• Goal of the exercise
The entries below should be output exactly as written.

• Exercise input
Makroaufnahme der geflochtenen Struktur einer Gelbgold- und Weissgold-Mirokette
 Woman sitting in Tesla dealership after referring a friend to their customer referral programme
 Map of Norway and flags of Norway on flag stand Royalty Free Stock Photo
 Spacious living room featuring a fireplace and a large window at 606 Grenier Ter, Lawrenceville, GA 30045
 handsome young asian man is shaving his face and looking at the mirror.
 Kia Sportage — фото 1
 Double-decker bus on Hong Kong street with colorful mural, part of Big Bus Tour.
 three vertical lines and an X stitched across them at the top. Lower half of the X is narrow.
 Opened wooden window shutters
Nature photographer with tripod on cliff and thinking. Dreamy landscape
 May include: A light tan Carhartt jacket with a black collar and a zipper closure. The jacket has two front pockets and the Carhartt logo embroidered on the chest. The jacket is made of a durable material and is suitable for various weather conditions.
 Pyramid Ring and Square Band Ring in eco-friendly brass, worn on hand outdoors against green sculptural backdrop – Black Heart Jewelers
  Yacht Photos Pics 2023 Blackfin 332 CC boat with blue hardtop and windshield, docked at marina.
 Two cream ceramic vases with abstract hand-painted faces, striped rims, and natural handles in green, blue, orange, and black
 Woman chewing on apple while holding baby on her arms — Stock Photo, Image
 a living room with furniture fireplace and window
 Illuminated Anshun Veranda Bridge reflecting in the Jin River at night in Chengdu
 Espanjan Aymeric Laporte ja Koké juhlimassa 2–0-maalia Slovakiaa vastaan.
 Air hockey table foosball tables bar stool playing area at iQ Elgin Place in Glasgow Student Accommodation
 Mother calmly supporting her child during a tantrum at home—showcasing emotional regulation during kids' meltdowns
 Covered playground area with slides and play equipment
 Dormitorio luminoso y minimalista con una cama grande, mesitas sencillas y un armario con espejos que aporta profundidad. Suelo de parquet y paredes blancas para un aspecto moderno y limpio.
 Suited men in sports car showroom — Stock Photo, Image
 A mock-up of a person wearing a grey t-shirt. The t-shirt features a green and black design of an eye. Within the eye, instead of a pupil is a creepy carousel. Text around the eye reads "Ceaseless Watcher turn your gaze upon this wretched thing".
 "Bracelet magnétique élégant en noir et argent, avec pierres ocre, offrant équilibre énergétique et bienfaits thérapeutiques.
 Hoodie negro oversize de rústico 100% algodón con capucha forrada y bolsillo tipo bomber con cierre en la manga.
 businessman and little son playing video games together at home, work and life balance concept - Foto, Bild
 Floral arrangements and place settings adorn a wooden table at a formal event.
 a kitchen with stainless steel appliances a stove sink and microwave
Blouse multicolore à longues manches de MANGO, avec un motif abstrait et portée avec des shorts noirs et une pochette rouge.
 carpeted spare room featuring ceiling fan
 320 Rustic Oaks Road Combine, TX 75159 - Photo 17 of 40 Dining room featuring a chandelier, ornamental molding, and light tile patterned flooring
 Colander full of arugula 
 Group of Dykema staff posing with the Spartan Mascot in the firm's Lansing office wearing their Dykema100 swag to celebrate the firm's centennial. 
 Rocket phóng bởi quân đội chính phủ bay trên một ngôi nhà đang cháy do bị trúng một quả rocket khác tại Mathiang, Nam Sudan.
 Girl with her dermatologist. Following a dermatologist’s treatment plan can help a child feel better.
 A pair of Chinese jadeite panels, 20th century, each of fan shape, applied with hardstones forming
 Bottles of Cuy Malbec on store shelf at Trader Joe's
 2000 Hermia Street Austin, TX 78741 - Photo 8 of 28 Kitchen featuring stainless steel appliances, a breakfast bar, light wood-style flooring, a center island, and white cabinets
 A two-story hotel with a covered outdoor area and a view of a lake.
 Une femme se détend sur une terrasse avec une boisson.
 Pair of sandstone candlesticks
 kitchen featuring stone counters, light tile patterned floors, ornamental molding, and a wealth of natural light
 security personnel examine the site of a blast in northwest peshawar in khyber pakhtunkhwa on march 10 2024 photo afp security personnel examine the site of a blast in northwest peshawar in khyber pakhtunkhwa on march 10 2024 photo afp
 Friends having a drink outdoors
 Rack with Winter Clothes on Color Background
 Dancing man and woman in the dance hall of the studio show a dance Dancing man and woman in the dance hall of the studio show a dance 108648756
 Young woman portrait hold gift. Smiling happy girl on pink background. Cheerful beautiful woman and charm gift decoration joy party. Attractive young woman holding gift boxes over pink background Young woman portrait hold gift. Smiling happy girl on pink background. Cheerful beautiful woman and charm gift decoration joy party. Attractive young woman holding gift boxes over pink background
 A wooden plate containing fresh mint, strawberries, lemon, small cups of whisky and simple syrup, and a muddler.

• Answer box
Makroaufnahme der geflochtenen Struktur einer Gelbgold- und Weissgold-Mirokette
 Woman sitting in Tesla dealership after referring a friend to their customer referral programme
 Map of Norway and flags of Norway on flag stand Royalty Free Stock Photo
 Spacious living room featuring a fireplace and a large window at 606 Grenier Ter, Lawrenceville, GA 30045
 handsome young asian man is shaving his face and looking at the mirror.
 Kia Sportage — фото 1
 Double-decker bus on Hong Kong street with colorful mural, part of Big Bus Tour.
 three vertical lines and an X stitched across them at the top. Lower half of the X is narrow.
 Opened wooden window shutters
Nature photographer with tripod on cliff and thinking. Dreamy landscape
 May include: A light tan Carhartt jacket with a black collar and a zipper closure. The jacket has two front pockets and the Carhartt logo embroidered on the chest. The jacket is made of a durable material and is suitable for various weather conditions.
 Pyramid Ring and Square Band Ring in eco-friendly brass, worn on hand outdoors against green sculptural backdrop – Black Heart Jewelers
  Yacht Photos Pics 2023 Blackfin 332 CC boat with blue hardtop and windshield, docked at marina.
 Two cream ceramic vases with abstract hand-painted faces, striped rims, and natural handles in green, blue, orange, and black
 Woman chewing on apple while holding baby on her arms — Stock Photo, Image
 a living room with furniture fireplace and window
 Illuminated Anshun Veranda Bridge reflecting in the Jin River at night in Chengdu
 Espanjan Aymeric Laporte ja Koké juhlimassa 2–0-maalia Slovakiaa vastaan.
 Air hockey table foosball tables bar stool playing area at iQ Elgin Place in Glasgow Student Accommodation
 Mother calmly supporting her child during a tantrum at home—showcasing emotional regulation during kids' meltdowns
 Covered playground area with slides and play equipment
 Dormitorio luminoso y minimalista con una cama grande, mesitas sencillas y un armario con espejos que aporta profundidad. Suelo de parquet y paredes blancas para un aspecto moderno y limpio.
 Suited men in sports car showroom — Stock Photo, Image
 A mock-up of a person wearing a grey t-shirt. The t-shirt features a green and black design of an eye. Within the eye, instead of a pupil is a creepy carousel. Text around the eye reads "Ceaseless Watcher turn your gaze upon this wretched thing".
 "Bracelet magnétique élégant en noir et argent, avec pierres ocre, offrant équilibre énergétique et bienfaits thérapeutiques.
 Hoodie negro oversize de rústico 100% algodón con capucha forrada y bolsillo tipo bomber con cierre en la manga.
 businessman and little son playing video games together at home, work and life balance concept - Foto, Bild
 Floral arrangements and place settings adorn a wooden table at a formal event.
 a kitchen with stainless steel appliances a stove sink and microwave
Blouse multicolore à longues manches de MANGO, avec un motif abstrait et portée avec des shorts noirs et une pochette rouge.
 carpeted spare room featuring ceiling fan
 320 Rustic Oaks Road Combine, TX 75159 - Photo 17 of 40 Dining room featuring a chandelier, ornamental molding, and light tile patterned flooring
 Colander full of arugula 
 Group of Dykema staff posing with the Spartan Mascot in the firm's Lansing office wearing their Dykema100 swag to celebrate the firm's centennial. 
 Rocket phóng bởi quân đội chính phủ bay trên một ngôi nhà đang cháy do bị trúng một quả rocket khác tại Mathiang, Nam Sudan.
 Girl with her dermatologist. Following a dermatologist’s treatment plan can help a child feel better.
 A pair of Chinese jadeite panels, 20th century, each of fan shape, applied with hardstones forming
 Bottles of Cuy Malbec on store shelf at Trader Joe's
 2000 Hermia Street Austin, TX 78741 - Photo 8 of 28 Kitchen featuring stainless steel appliances, a breakfast bar, light wood-style flooring, a center island, and white cabinets
 A two-story hotel with a covered outdoor area and a view of a lake.
 Une femme se détend sur une terrasse avec une boisson.
 Pair of sandstone candlesticks
 kitchen featuring stone counters, light tile patterned floors, ornamental molding, and a wealth of natural light
 security personnel examine the site of a blast in northwest peshawar in khyber pakhtunkhwa on march 10 2024 photo afp security personnel examine the site of a blast in northwest peshawar in khyber pakhtunkhwa on march 10 2024 photo afp
 Friends having a drink outdoors
 Rack with Winter Clothes on Color Background
 Dancing man and woman in the dance hall of the studio show a dance Dancing man and woman in the dance hall of the studio show a dance 108648756
 Young woman portrait hold gift. Smiling happy girl on pink background. Cheerful beautiful woman and charm gift decoration joy party. Attractive young woman holding gift boxes over pink background Young woman portrait hold gift. Smiling happy girl on pink background. Cheerful beautiful woman and charm gift decoration joy party. Attractive young woman holding gift boxes over pink background
 A wooden plate containing fresh mint, strawberries, lemon, small cups of whisky and simple syrup, and a muddler.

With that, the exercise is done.